I completed a questionnaire the counselor required us to do individually and faxed it over tonight for our session on Friday. I felt like I was tempting fate by notating MY needs and where *I* am unhappy, like I don't have a right to do that. Like tonight, I said you go out every night when you're in Chicago, why don't you do that when you're in Dallas? His response? So comforting, HA! I would, but you're there. Like I'm in his way of having a good time??? Why are we even together then? He said I'm afraid that you won't let me entertain next week when everyone comes in to town for business. I said I had no problem with that.
It just seems to me like he's tired of me and wants to move on, but I don't know what is stopping him, maybe it's an emotional connection that's he's not quite ready to break, but will once he gets the strength. It's not about love anymore. I sure don't feel loved or cherished.

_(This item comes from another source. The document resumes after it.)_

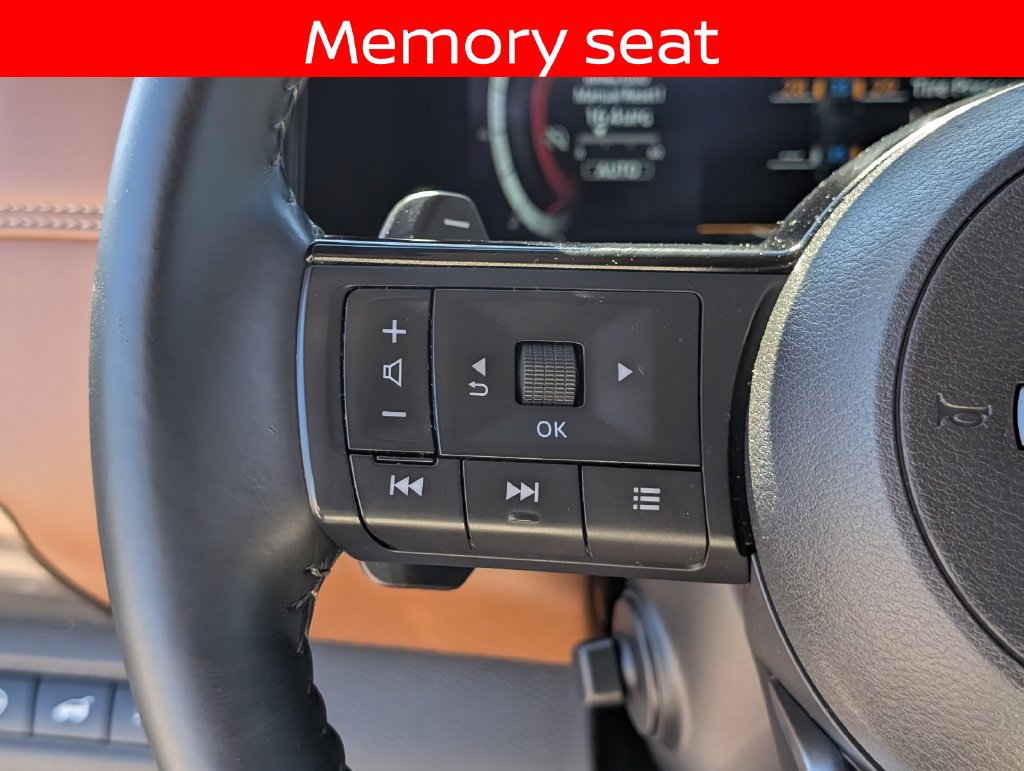 Used 2024 Nissan Pathfinder Platinum AWD/4WD image 25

Is marriage counseling just a waste of our time and he's ready to move on, and we're going to go through all of this when his mind and his heart have already moved on?
How can I NOT feel anxious and depressed? We've been together for 14 years, and I thought a man who adored me and would never leave me is now extremely unhappy with me and I don't know where this will end. I can only change so much so fast, but in the end, will it all be for nothing? Is divorce inevitable?